SeaJay
Contributor
chrpai once bubbled...
Ok I'm out of here. Everyone in this thread knows exactly where to go in my book.
"Diving?" You think we should all go "diving?"
I am not a dangerous diver, I am not a closed minded diver.
I couldn't tell you if you were dangerous or not... I haven't dived with you.
As for "closed mindedness," well... You do not appear to be open to the answer you asked for. You said, "why would a single tank diver want to be able to shut down the valve on their tank?" We answered you logically, and you argued. Look, whether you believe our answer or not, you asked why and we told you. If you don't agree, then fine... But don't yell at us for giving you the answer you asked for.
I know exactly where I stand in this debate and everyone else has just drank way too much kool-aid to be even remotely openminded on this subject.
Pardon me... You may have had some run-ins with others here on this board, but *I* have been perfectly polite to you... So no, not *everyone* has "drank way too much kool-aid."
I know some of the other divers here personally... They are not zealots, even if from your perspective they appear to be so. The problem is in the difference in perspective - not that someone's drank too much kool-aid.

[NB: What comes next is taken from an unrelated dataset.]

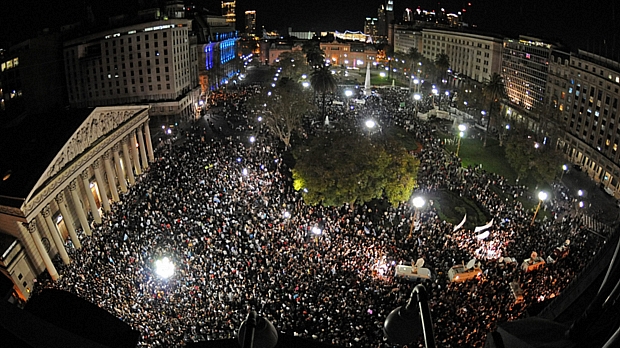 Multidão ocupa a Praça de Maio, em Buenos Aires, para portestar contra o governo de Cristina Kirchner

Keep telling yourself that your never wrong and that every diver needs exactly the same system.
Again, this is a perspective problem.
If someone were to ask, "Are the necessary skills for driving all cars the same?" There might be some that say yes and some that say no. The basics - the "fundamentals" - are all the same. Keep the vehicle between the painted lines. Move the steering wheel, use the accelerator, and use the brakes as needed. They all have forward and reverse gears and a key to start them up. Get the idea? Overall, the fundamental skills you need to drive the car are and should be the same from car to car. It would be bad, for example, to find out that the actions of the steering wheel are reversed for a certain brand name, or to find out that the accelerator and brake pedals are switched. Get it? It's a fundamental thing.
...But it can also be argued that it takes very different skill to drive a large SUV through a city street than it does to drive a passenger car on the highway.
Both perspectives are correct.
DIR focuses on the fundamentals. It does not teach that everyone needs a drysuit or doubles or steel tanks or scooters to do a dive. You will not find DIR divers on a Caribbean reef at 30' with doubles and two stages. But you will find them wearing a rig which needs no changes to go from that type of diving to a deep, cold wreck dive or a cave penetration dive. They'll add doubles, a dry suit, some stages... Different gas... And a different plan... But the fundamental rig and the fundamental skills will be the same. This is really good, because when the spit hits the fan on a super-serious dive (whatever that is for them), they're intimately familiar with their gear setup... Sorta like always having the controls in the same place, doing the same thing.
So the concept of "the same gear for every dive" or "the same skills for every dive" is accurate, but not entirely - it depends on your perspective.
DIR is all about the "fundamentals." GUE considers it the basic of all basic courses. By definition, DIR is a beginner course, and therefore is taught to recreational divers. Perhaps that answers the question actually posed in the title of this thread.
But the skills taught in DIR-F are just as necessary in "tech" diving as they are in "rec" diving. Like the rest of the GUE program, DIR-F provides a "basis" on which everything else is built.
And yes, that includes valve shutoff/shutons whether you believe it or not. And in case you haven't read, GUE's not the only agency teaching the skill.